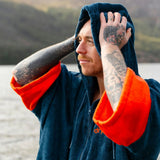 Dryrobe Zip Through Towel Robe Nimbus Cloud / Small-Nimbus Cloud / Medium-Deep Sea Blue / Small-Deep Sea Blue / Medium - 53 Degrees North 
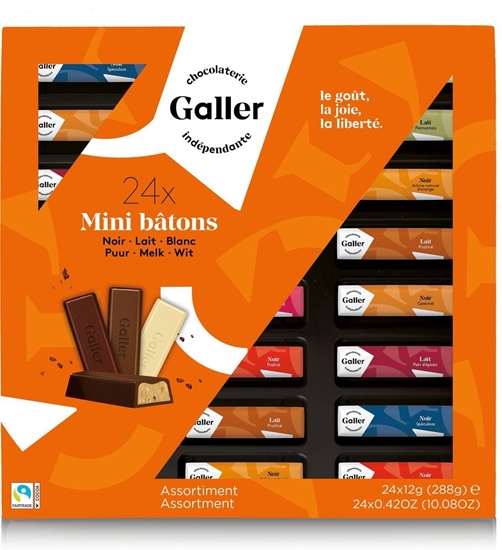 Picture of Gift box mini bars Galler Mini Batons Assortment, 24 pcs.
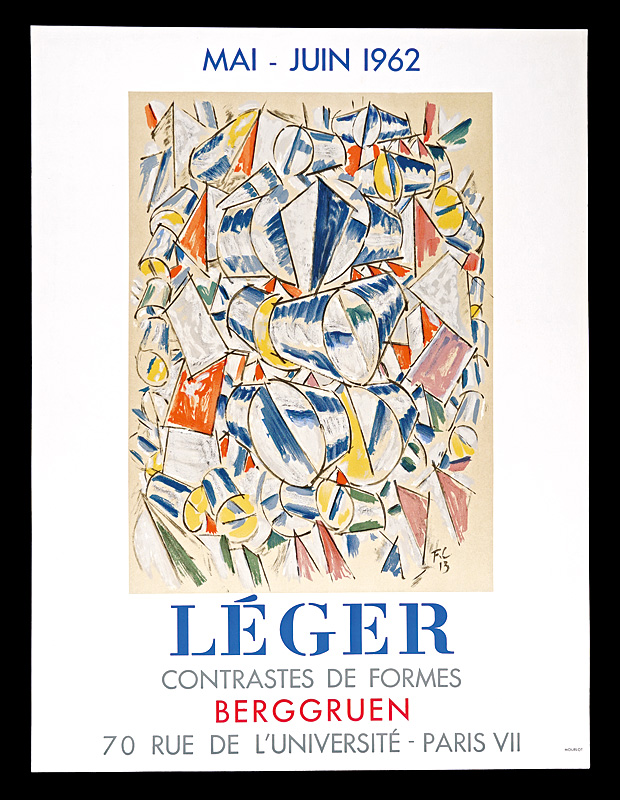 Fernand Léger “LEGER Exhibition Poster : CONTRASTES DE FORMES”／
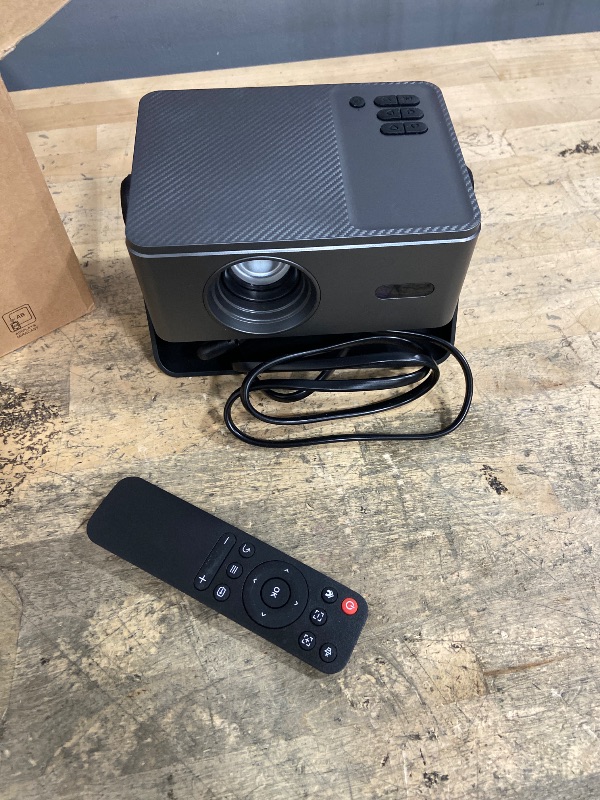 Photo 1 of [4K Support & Auto Focus] Projector with WiFi and Bluetooth, 4K 1080P Native Projector Keystone&Zoom, 20W Speaker, 180°Adjustable Portable Projector for Phone, Laptop, Bedroom, Outdoor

**Task details:** Reproduce the whole listing exactly, but not the images in it.

**Your response:**
 Dryrobe Zip Through Towel Robe Nimbus Cloud / Small-Nimbus Cloud / Medium-Deep Sea Blue / Small-Deep Sea Blue / Medium - 53 Degrees North 
 Picture of Gift box mini bars Galler Mini Batons Assortment, 24 pcs.
 Fernand Léger “LEGER Exhibition Poster : CONTRASTES DE FORMES”／
 Photo 1 of [4K Support & Auto Focus] Projector with WiFi and Bluetooth, 4K 1080P Native Projector Keystone&Zoom, 20W Speaker, 180°Adjustable Portable Projector for Phone, Laptop, Bedroom, Outdoor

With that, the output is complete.